Krax grinned, exposing his fangs. He grabbed the primary chain connecting Marcus and Elena. "On your feet. Walking is a privilege. Do not make me drag you."
The fourteen broken humans scrambled to stand. Their legs shook violently as Krax and Hawl marched them away from the sunlit courtyard and toward the gaping maw of the palace dungeons.
Marcus looked back over his shoulder one last time, searching the high windows of the citadel for any sign of his former classmate, but saw nothing but dark stone.
Krax hauled the rusted chain down the spiraling stone staircase. The metal links scraped violently against the steps, echoing through the subterranean depths of the palace.
Marcus stumbled over his own feet and dragged Elena forward as the group of fourteen humans descended deeper into the dark.

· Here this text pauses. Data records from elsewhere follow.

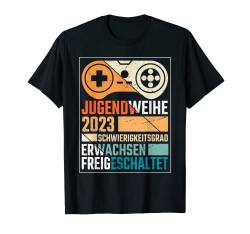 Jugendweihe 2023 Gocker Schwierigkeitsgrad Erwachsene Konfirmation T-Shirt von Jugendliche Konfirmation und Jugendweihe Outfits
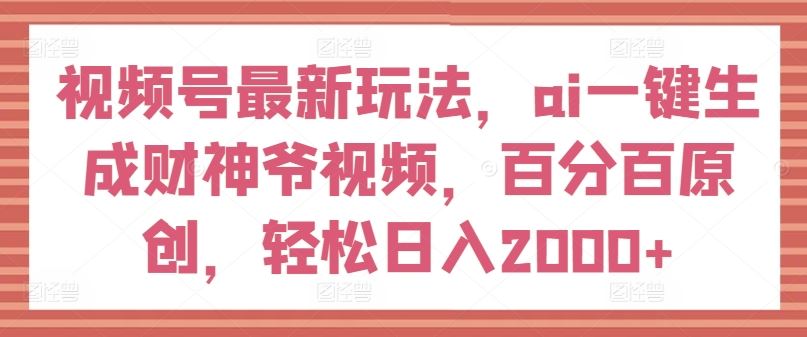 视频号最新玩法，ai一键生成财神爷视频，百分百原创，轻松日入2000+【揭秘】-立业有术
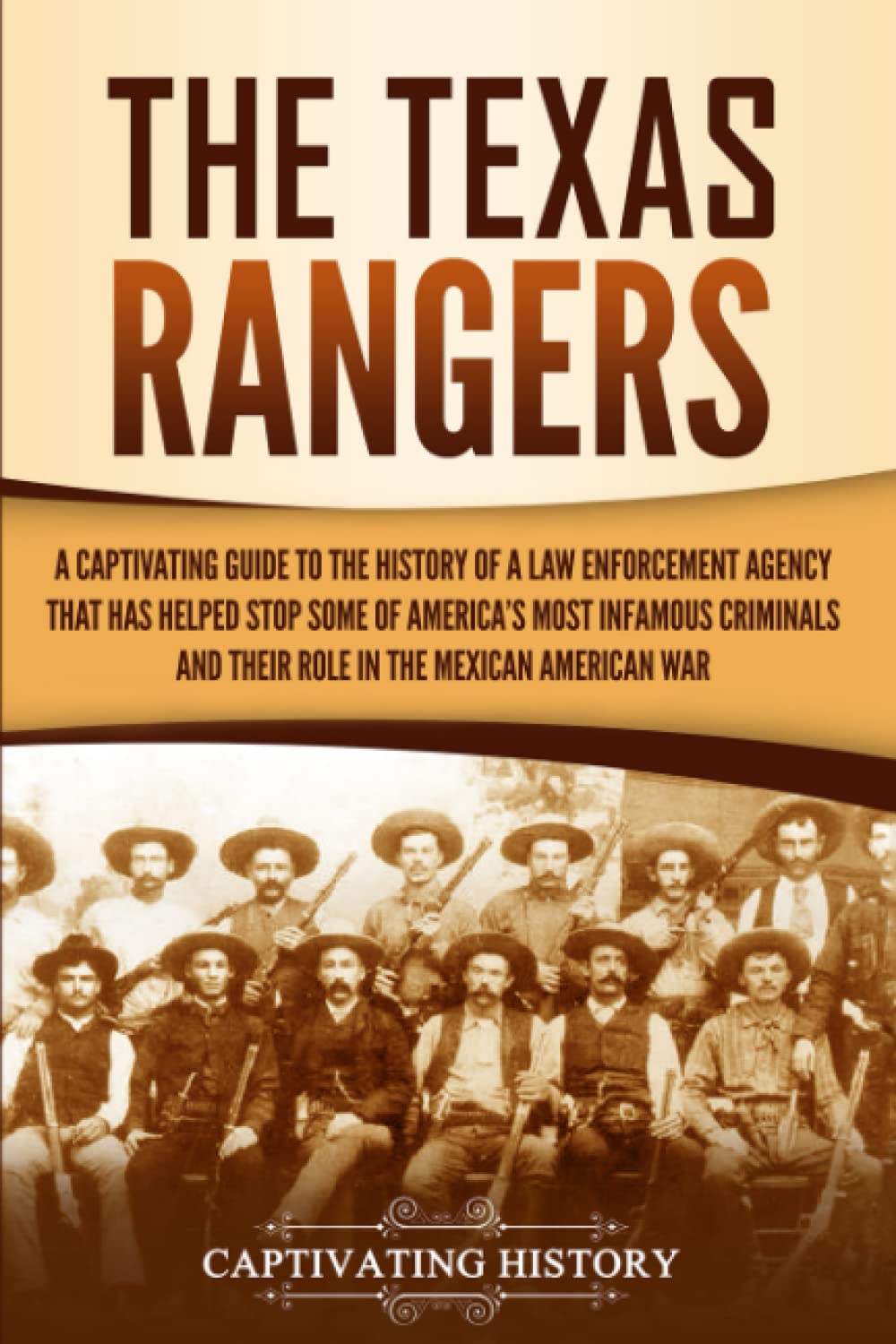 The Texas Rangers: A Captivating Guide to the History of a Law Enforcement Agency That Has Helped Stop Some of America's Most Infamous Criminals and ... in the Mexican-American War (U.S. History)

Hawl marched at the rear of the line. He shoved Liam in the shoulder whenever the pace slowed, forcing the captives to keep moving. The torches lining the walls grew sparse as they entered the lowest containment block.
Gulag stepped ahead of the group and grabbed the iron wheel locking the primary cell door. She spun the mechanism with a harsh grind of metal and pulled the massive slab open.
A blast of freezing, stale air washed over the prisoners.
"End of the line," Krax announced.
He grabbed the lead chain and yanked it hard toward the cell. The sudden momentum sent Marcus tumbling through the doorway. He hit the stone floor hard.
The remaining thirteen captives tripped over the taut chains and spilled into the dark room in a tangled pile of limbs and torn clothing.
Elena scraped her knees against the masonry and choked back a sob. Ethan curled into a tight ball near the back wall, shivering uncontrollably. Lucas and Isabella huddled together in the corner, staring blankly at the shadows.
Krax stepped back into the corridor and grabbed the iron handle.
"Wait!" Marcus scrambled toward the door. He dragged the heavy links behind him and reached out with bare, bruised hands. "You can’t leave us in the dark! Please!"
"Get comfortable." Krax grinned, his fangs catching the dim torchlight from the hall. "You are going to be here a long time."
The iron door slammed shut. The locking mechanism engaged with a deafening clack that reverberated through the stone floor. Absolute darkness swallowed the cell.
Marcus rested his forehead against the freezing metal. His breathing hitched as the reality of the situation crushed the remaining air from his lungs. He instinctively tried to summon a spark of golden light to illuminate the room.
However, to no surprise, nothing happened.
’We are nothing,’ Marcus thought, listening to the muffled sobs of his friends echoing in the pitch-black room. ’We are just fuel.’
Once Krax and the others dragged the screaming prisoners out of earshot, Iron-Scale turned back to the plaza. Syra stepped out from the shade of a shattered marble pillar and smoothly slipped her dagger into its sheath.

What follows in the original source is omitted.